Rupiah bisa makin tertekan, ini sebabnya

Inanews – Nilai tukar rupiah menembus Rp 14.700 per dolar Amerika Serikat (AS), Jumat (31/8).

Berdasarkan data dari Bloomberg, rupiah ditutup pada Rp 14.710 melemah 0,20%. Tak hanya rupiah yang melemah, mata uang di negara Asia lainnya juga tertekan oleh penguatan dollar AS.

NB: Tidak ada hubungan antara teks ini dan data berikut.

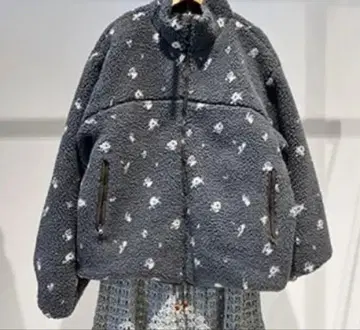 COYSEIO PETAL 리버서블 플리스 자켓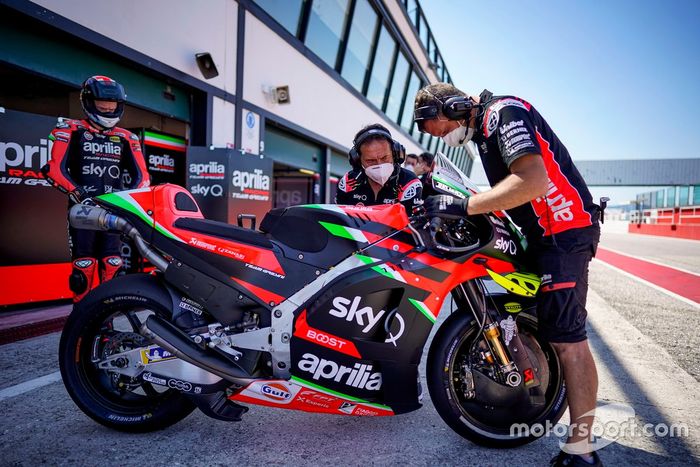 Bradley Smith, Aprilia Racing Team Gresini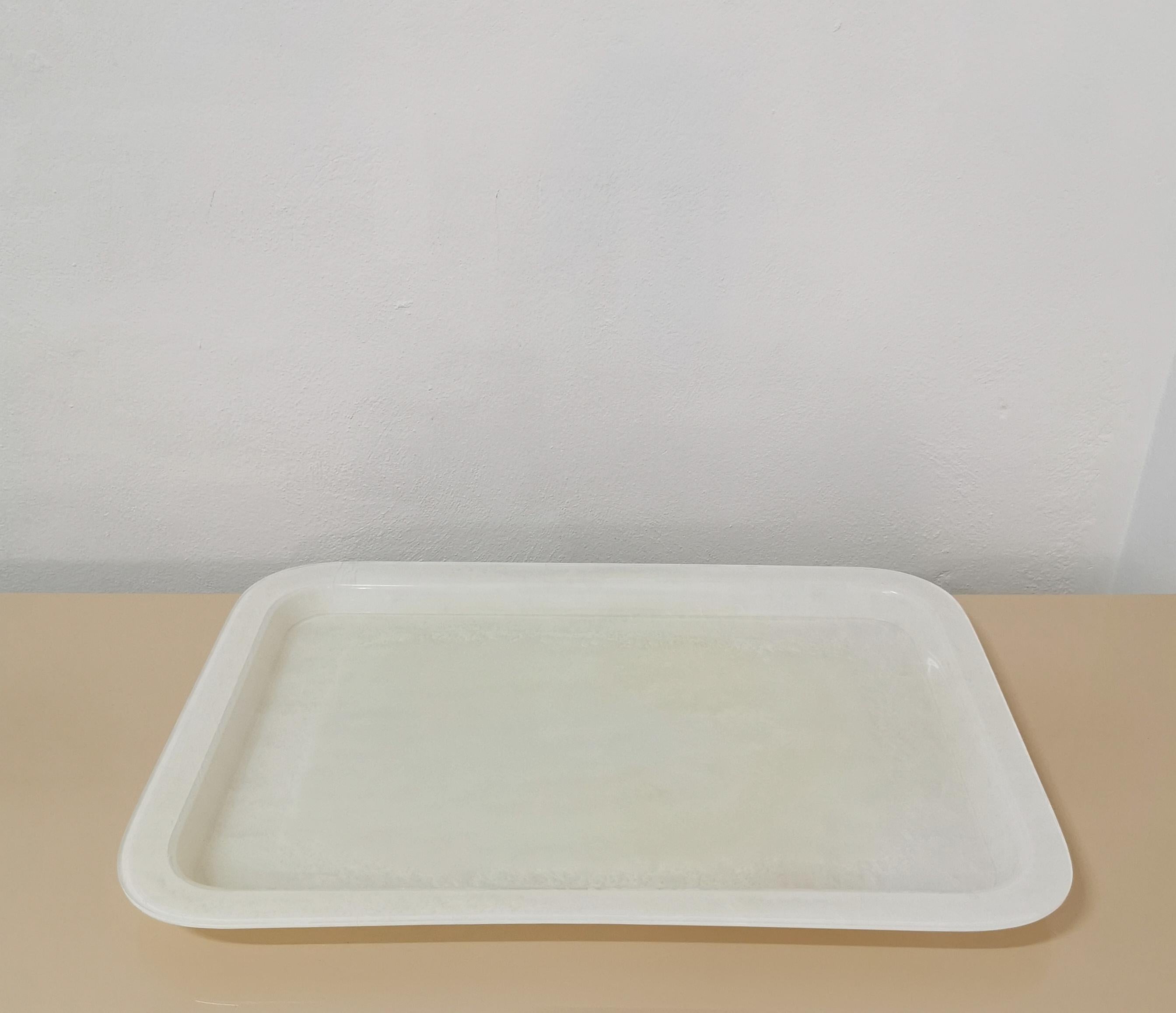 Modernes Tablett-Tisch-Servierbesteck aus der Mitte des Jahrhunderts, rechteckig, weißes Lucite, Italien 1970er Jahre im Angebot 5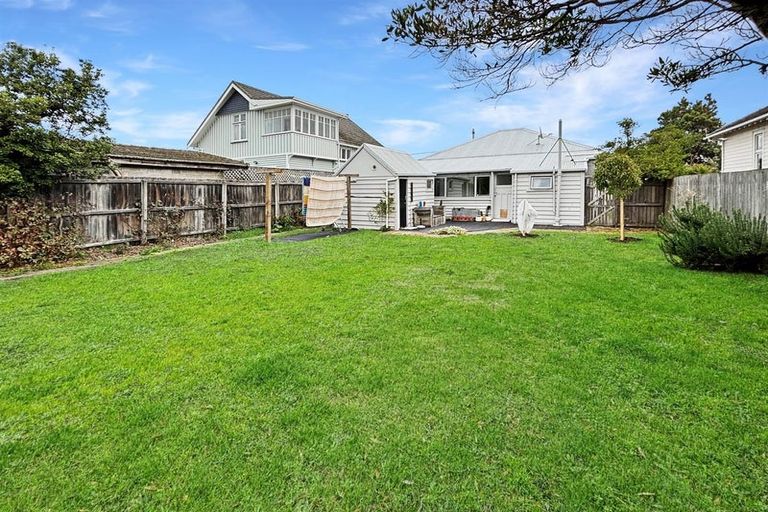 Photo of property in 25 Oram Avenue, New Brighton, Christchurch, 8061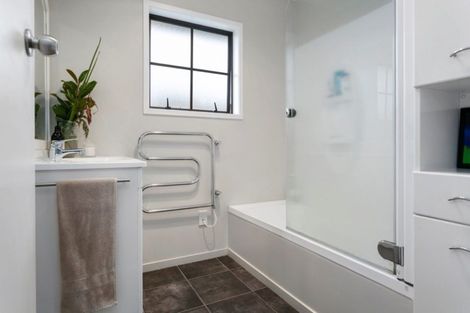 Photo of property in 29 Sheridan Crescent, Leamington, Cambridge, 3432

Kepala Ekonom BCA David Sumual mengungkapkan pelemahan rupiah ini menjadi bagian dalam kondisi global terkait dengan Presiden AS Donald Trump yang mau mengenakan tarif impor baru bagi China. Rencana inilah yang menyebabkan mata uang emerging market makin melemah.

Secara fundamental, persoalan dalam negeri masih terkait defisit transaksi berjalan. Namun jika dilihat dari segi rasio defisit terhadap PDB, posisi Indonesia masih moderat, tidak seperti negara-negara yang sedang krisis seperti Turki dan Argentina.

Baca Juga : Manfaatkan Diskon BP 73% Tambah Daya Listrik, Hidup Lebih Nyaman dan Menarik 

Untuk proyeksi di akhir tahun ini David mengatakan jika rupiah masih tergantung eksternal. Posisi spekulatif dollar AS di pasar valas global juga membesar. Jadi kalau ada berita-berita negatif, dollar AS bisa berbalik melemah. Misal data ekonomi AS kembali menunjukkan pelemahan atau jika AS dan China mencapai kesepatan dan isu perang dagang mereda.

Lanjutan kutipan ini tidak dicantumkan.